5. Formal: When payment is two weeks or more late, it’s time for a more formal letter that firmly reiterates your right to payment. The below sample text utilises a psychological tool known as social proof, which tends to encourage people to pay because other people already have.
Example of formal reminder email/letter
Hello Miss Customer,
I’m following up the invoice I sent/emailed on 15 June as we haven’t received payment yet. I’ve attached/enclosed a copy for your reference.
Payment was due for the [PRODUCT/SERVICE] on 30 June and we are now two weeks past the due date so would like to receive payment at your earliest convenience.
All other payments for other jobs in June have been received in full, so I’m sure you can understand it would be great to finalise this payment to close off our accounts for the month.
We really enjoyed working with you so please let me know if you have any questions or if I can help with anything further?
Otherwise, we will look forward to receiving payment by the end of the week.
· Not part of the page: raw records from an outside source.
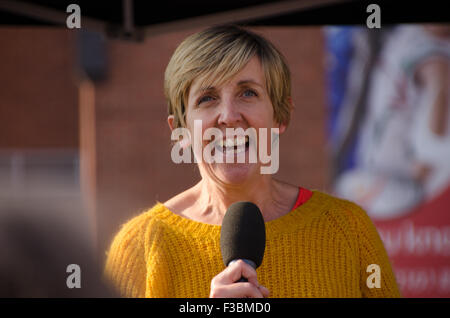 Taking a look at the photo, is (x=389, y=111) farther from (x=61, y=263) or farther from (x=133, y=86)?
(x=61, y=263)

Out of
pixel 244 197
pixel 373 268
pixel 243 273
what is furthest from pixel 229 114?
pixel 373 268

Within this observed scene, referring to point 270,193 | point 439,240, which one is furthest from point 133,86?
point 270,193

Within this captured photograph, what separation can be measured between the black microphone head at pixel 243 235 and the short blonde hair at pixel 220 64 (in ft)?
1.41

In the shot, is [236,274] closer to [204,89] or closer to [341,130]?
[204,89]

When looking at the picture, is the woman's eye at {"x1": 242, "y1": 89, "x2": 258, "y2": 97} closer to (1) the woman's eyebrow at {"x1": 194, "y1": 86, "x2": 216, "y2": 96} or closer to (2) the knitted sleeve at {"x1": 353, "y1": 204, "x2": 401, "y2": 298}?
(1) the woman's eyebrow at {"x1": 194, "y1": 86, "x2": 216, "y2": 96}

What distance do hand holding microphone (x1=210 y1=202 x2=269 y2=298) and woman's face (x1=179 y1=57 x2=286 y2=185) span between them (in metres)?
0.17

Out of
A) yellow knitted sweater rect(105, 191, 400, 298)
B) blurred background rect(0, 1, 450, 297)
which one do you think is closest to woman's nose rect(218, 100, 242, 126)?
yellow knitted sweater rect(105, 191, 400, 298)

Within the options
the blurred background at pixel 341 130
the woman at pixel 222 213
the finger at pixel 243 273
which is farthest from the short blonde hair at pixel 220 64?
the blurred background at pixel 341 130

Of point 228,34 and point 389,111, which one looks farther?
point 389,111

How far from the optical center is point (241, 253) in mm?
1573

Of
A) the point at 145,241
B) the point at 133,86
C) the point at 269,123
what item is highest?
the point at 133,86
Thank you for your assistance.
6. Demand: If the first (or second) friendly reminder doesn’t get the money rolling in, it might be time to play it a little more firmly. There are a few important points you need to include in a demand for payment.
- How much is owed
- Why it is owed / what it is owed for
- When it needs be paid
- A warning that you will consider legal action not paid within a certain amount of – time
- A clear subject line such as Letter of demand or Final Demand shows you are serious about getting paid
- Send it addressed to the owner (not the accounts department)
To make life easier… just edit the relevant details in this template.
I used a similar version of this letter when friends had tried for months to get a direct debit provider to pay up around $25,218.61 as agreed in a partly written and partly oral contract.
My friends got their money after a similar letter in less than a fortnight.
Get paid upfront!
If you hate chasing up payments, the best defence is a good offence.
Ask people to pay on the day of providing services wherever possible or at least for upfront costs such as materials.
Get paid on time
Encourage clients to pay on time, every time, by offering them an incentive.
Offer a pay on time discount
“People seek pleasure and avoid pain”
Offering a pay on time discount introduces a bit of FOMO (fear of missing out) into the equation. You can tap into the Pleasure Principle and the Regulatory Focus Theory – people seek pleasure and avoid pain. If customers think they can get a discount for paying on or before the date on the invoice (pleasure) and also avoid the higher price point for payment after the due date (pain).
Bribes for the admin team
Flowers, birthday cards, a bottle of sparkling at Christmas, just because treats and other simple gifts for those who actually make the payments happen will go a long way to putting your invoices at the top of the pile each month. Always be polite and courteous to all office management staff.
Tap and go mobile card reader and Virtual Payments
In the last couple of years we’ve become very familiar with how to use QR codes. Payment services such as Paypal now make it easy for business owners to take payments by a QR code. Get instant payment from your frequently late payers via this cashless cardless touch free option and see if it makes a difference!
So, let’s go get this money!
- Try out the template for those long term overdue payments
- Test out methods to entice your customers to pay on time
- Decide on what you want your payment terms to be – and apply them consistently
I’d love to hear how you go with the template or any other ways you encourage clients to pay you on time.
And I’d love to hear what methods you use to ensure you get paid on time?